Beragam Studi Meneliti Manfaat Bermain Bola Basket

Melansir laman Moa Basketball, bermain bola basket ternyata tidak hanya memberikan keseruan dalam permainan, melainkan juga berefek baik bagi fisik maupun mental. Tidak tanggung-tanggung, ada tiga jurnal penelitian yang menyebutkan manfaatnya bagi tubuh manusia:

Journal of Health Psychology

Olahraga aerobik yang teratur seperti basket ternyata mampu mengurangi stres dan kecemasan, serta mampu melepaskan hormon endorfin yang mendorong rasa senang. Kegiatan basket juga bisa meningkatkan relaksasi tubuh serta kejernihan mental. Secara sederhana, olahraga ini bisa dijadikan pelampiasan stres dan burnout.

American Journal of Psychology

Melakukan olahraga seperti basket ternyata bisa menurunkan tingkat depresi, meningkatkan kepercayaan diri, dan menguatkan ketahanan mental. Meskipun terkadang ada motif memamerkan keterampilan (flexing skill) melalui permainan basket, sebagai penonton pun ternyata seru untuk melihatnya.

Frontiers in Psychology

Kegiatan olahraga mampu meningkatkan fleksibilitas kognitif, memori, dan keterampilan memecahkan masalah. Dalam hal ini, permainan basket tentu saja unggul. Pemain harus bisa mengusung strategi menghadapi lawan, membaca arahan pelatih tim lawan, hingga perhitungan shooting bola ke dalam ring. Bisa juga sebagai ajang "telepati" terhadap kawan setim untuk melancarkan strategi rahasia, mirip di anime Kuroko no Basket.

Koneksi Pertemanan Melalui Permainan Basket

Pada praktiknya, permainan bola basket memang bertujuan untuk mengasah ketahanan fisik, sebagaimana cabang olahraga lainnya.

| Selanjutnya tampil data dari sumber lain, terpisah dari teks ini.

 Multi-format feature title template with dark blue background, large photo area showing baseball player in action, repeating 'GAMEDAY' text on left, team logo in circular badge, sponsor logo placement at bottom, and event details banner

Maka, tidak heran jika olahraga ini kerap dimasukkan sebagai salah satu materi pelajaran Pendidikan Jasmani (Penjas) di sekolah.

Selain itu, ada juga tujuan yang bisa diperoleh melalui permainan bola basket selain manfaat fisik dan mental, yaitu koneksi pertemanan. Semisal saja, bermain bola basket di lapangan sekolah bisa diikuti oleh banyak siswa dari beragam kelas. Kawan-kawan yang tadinya kurang kita kenal pun akhirnya bisa menjadi teman akrab. That simple!

Atau ketika berlaga di kompetisi basket antarsekolah, tentu kita akan melawan tim dari sekolah lain yang diikuti dengan bersalaman di akhir pertandingan. Nah, dari sini pun kita bisa mengajak berkomunikasi dan menambah relasi pertemanan.

Hal yang paling unik, kamu juga bisa bermain basket di lapangan taman kota. Dari penjuru yang tidak diduga, akan ada orang-orang yang ikut bergabung dalam permainan bola basket. Hal ini pernah dialami oleh adikku sendiri sewaktu dia iseng bermain basket di Taman Hijau SLG (Simpang Lima Gumul), Kediri.

Basket adalah Pemersatu

Permainan bola basket memang asyik untuk dijadikan momentum kebersamaan. Sekalipun aku tidak pernah berhasil memasukkan bola ke dalam ring, menonton pertandingan yang memicu adrenalin serta mengamati taktik dan gerakan pemain yang hati-hati tetapi lugas ternyata sangat seru. Ini dari sudut pandangku sebagai penonton.

Namun, sebagai orang yang pernah bermain basket meskipun sangat amatir, permainan bola basket itu sulit. Di sisi pergerakan yang bisa diblokir lawan, kita harus berpacu dengan waktu dan menjalankan strategi tim. Sisi baiknya, fisik dan mental kita terasah, hingga mendapat bonus memiliki teman-teman baru dari tim lawan. Sebab setahuku, di akhir pertandingan mereka biasanya bercakap-cakap, entah mengomentari pemain yang agresif atau gaya manipulasi bola. Intinya, bermain bola basket bukan hanya sekadar permainan, melainkan mampu menjadi terapi pereda stres dan depresi jika mengikuti takaran yang tepat.